Marketers’ first and natural reflex was to create reams of “brochure ware” that basically reflected the kinds of direct marketing messages they had always been inserting into their traditional media and sales collateral. The “old school” style of sales copy simply had more space to palaver about products or services. Web sites were seen as minor, “long copy” adjuncts to the overall communications program, still built around traditional media and messaging approaches. But important changes were underway.
For the “Net” to hit critical mass as a marketing tool, two things had to happen. First, the majority of Americans had to have high speed access (called broadband) to online content. Second, a visionary company born in 1998 would have to grow up to become the place where Americans begin their search for information and sources of interest.
That company was Google. Today, it’s used more than 5.9 billion times a day—a number approaching the entire population of planet Earth. You’ll probably use it a minimum of 3-5 times today.
By 2005, the majority of Americans also had broadband access to virtually unlimited content, and doing a “Google search” became the first stop on the way to find anything you were looking for—whether text, images or videos. Some called it convergence, but in every sense, the perfect storm had arrived. It began as a groundswell but soon evolved into a profound sea change. As early as 2007, experts were talking about a whole set of “new rules for marketing and PR.”
By 2010, it was becoming very evident that these two factors—broadband access and search capability—were giving rise to an entirely new marketing model. Prospective customers no longer depended on marketing messages directed to the masses in self-serving bursts of sales copy. Now the pendulum of power swung to the buyers, who have virtually all the information in the world at their fingertips. And they began with general information before seeking sources for products or services.
This included background on the needs, issues and trends those offerings were intended to address. The Web also provided forums for sharing and posting actual customer reviews, which could move your company to the front of the line or remove you entirely—without you ever even knowing why.
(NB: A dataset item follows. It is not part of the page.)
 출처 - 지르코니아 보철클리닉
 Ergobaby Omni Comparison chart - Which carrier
Once they felt educated as informed consumers, only then would they compile a short list of companies that seemed to make sense in light of their information. Even if they went straight to locating a potential vendor, they used the keywords—and not company names. In either case, if your company didn’t come up in the search phase you might as well not exist at all.
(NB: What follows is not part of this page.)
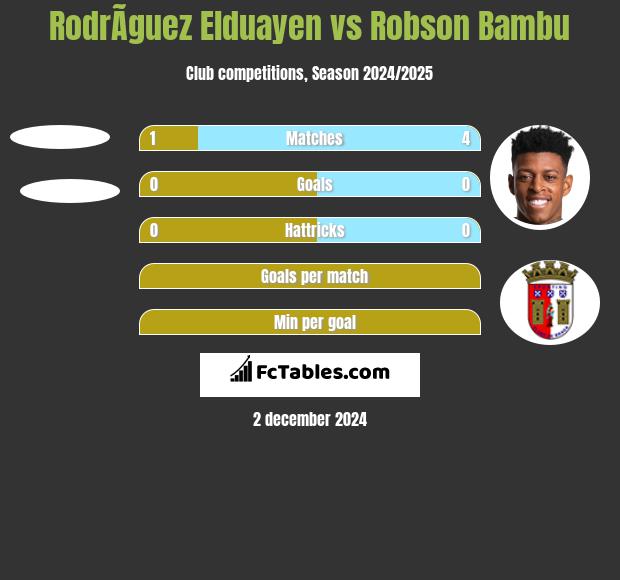 RodrÃ­guez Elduayen vs Robson Bambu h2h player stats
Smart marketers began to realize that if they provided more generic content that spoke to the prospects’ information needs—and included keywords relevant to their searches—those prospects might find their way to their websites earlier in the process.
Soon, the smartest marketers were realizing that it all began with offering information—not sales copy—in a way that brought prospects to their websites via Google (or other search engines) based on a strong search engine ranking. Achieving a high search position (first page or two of search results) birthed a whole new marketing discipline called search engine optimization or SEO.
When social media began to come of age in roughly that same time frame, there suddenly became another new way to move people to your content, again at very little cost. A “tweet” with a link could lead prospects right to your content bank—whether that meant a blog, a Facebook page or special content on your website (ideally all three). That digital combination of online content, SEO and social media began to become known as content marketing.
In full bloom, content marketing sees the prospect first as someone to attract through search and social media and then to engage in intelligent conversation about what interests them. Products and services are kept more in the background—at least at first. This dialogue leads to sales as an afterthought, a logical conclusion to a trusting relationship. Transactions are secondary to engagement.
As simple as it sounds, content marketing requires a set of finely-honed skill sets to be successful. For example, content must exhibit true, strategic thought leadership, and your keyword/SEO/social strategies must be intelligent and agile. Also, with 46 percent of searches now happening on mobile devices, your content has to be “mobile friendly” as well. The focus must always be on your prospect.
Ironically, content marketing must still serve your company goals for revenues and profit. Achieving that golden balance between educator and seller is the art form that defines content marketing success.
So now that we have traced the roots and reasons behind content marketing, I will be following up with a series on the key elements of content marketing and the best practices associated with each. You’ll find a lot of great information you can use—all with no sales propaganda included.
Because content marketing is all about what matters to you.